Problem statement - What is needed is an exact reproduction of the lines in the records below, starting at the line with "Детский костюм 3D" and ending at the line with "Paris Básico em Escala para colorir", both included, and nothing else; pictures stay out.

━━━ Task inputs ━━━

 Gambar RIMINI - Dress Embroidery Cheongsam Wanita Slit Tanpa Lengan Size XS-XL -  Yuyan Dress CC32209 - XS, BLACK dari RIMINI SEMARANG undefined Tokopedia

━━━
━━━ Task inputs ━━━

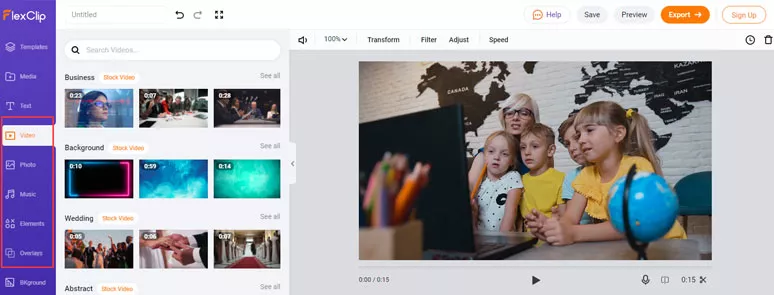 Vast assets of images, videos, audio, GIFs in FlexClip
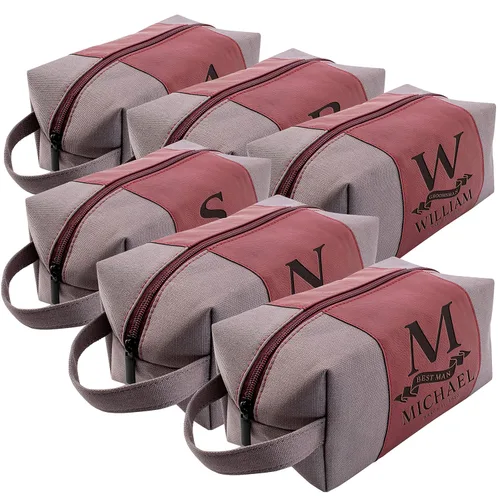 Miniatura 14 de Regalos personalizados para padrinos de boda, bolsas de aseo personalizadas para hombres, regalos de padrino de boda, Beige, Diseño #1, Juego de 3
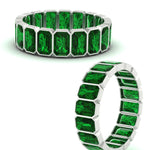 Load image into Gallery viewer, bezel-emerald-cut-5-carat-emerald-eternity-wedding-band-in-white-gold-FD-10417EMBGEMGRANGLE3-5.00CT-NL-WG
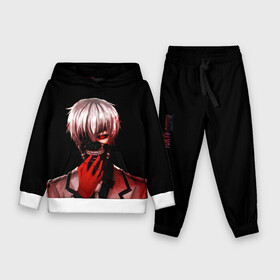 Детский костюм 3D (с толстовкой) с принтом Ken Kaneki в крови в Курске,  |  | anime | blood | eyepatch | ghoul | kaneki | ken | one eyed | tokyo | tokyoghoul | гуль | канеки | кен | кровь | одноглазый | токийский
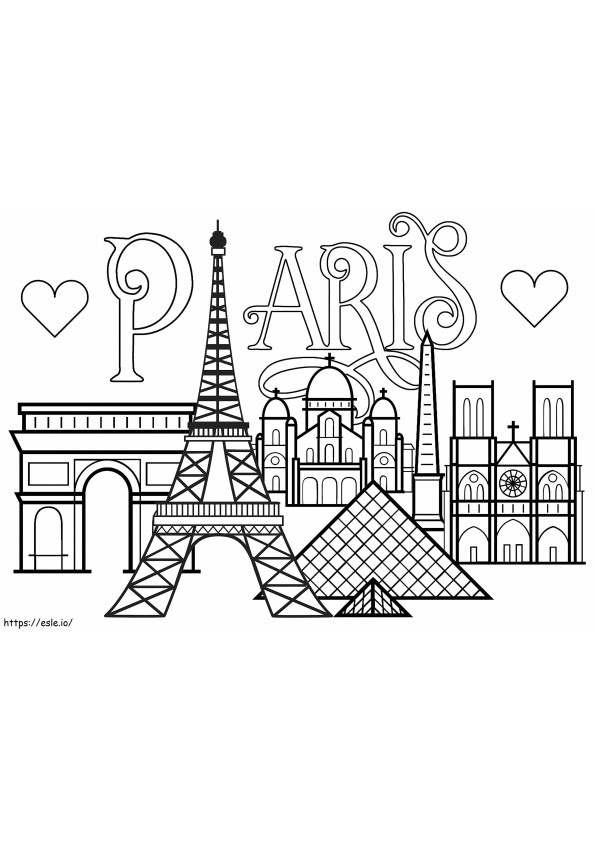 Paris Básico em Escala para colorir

━━━

Problem solution -
 Детский костюм 3D (с толстовкой) с принтом Ken Kaneki в крови в Курске,  |  | anime | blood | eyepatch | ghoul | kaneki | ken | one eyed | tokyo | tokyoghoul | гуль | канеки | кен | кровь | одноглазый | токийский
 Paris Básico em Escala para colorir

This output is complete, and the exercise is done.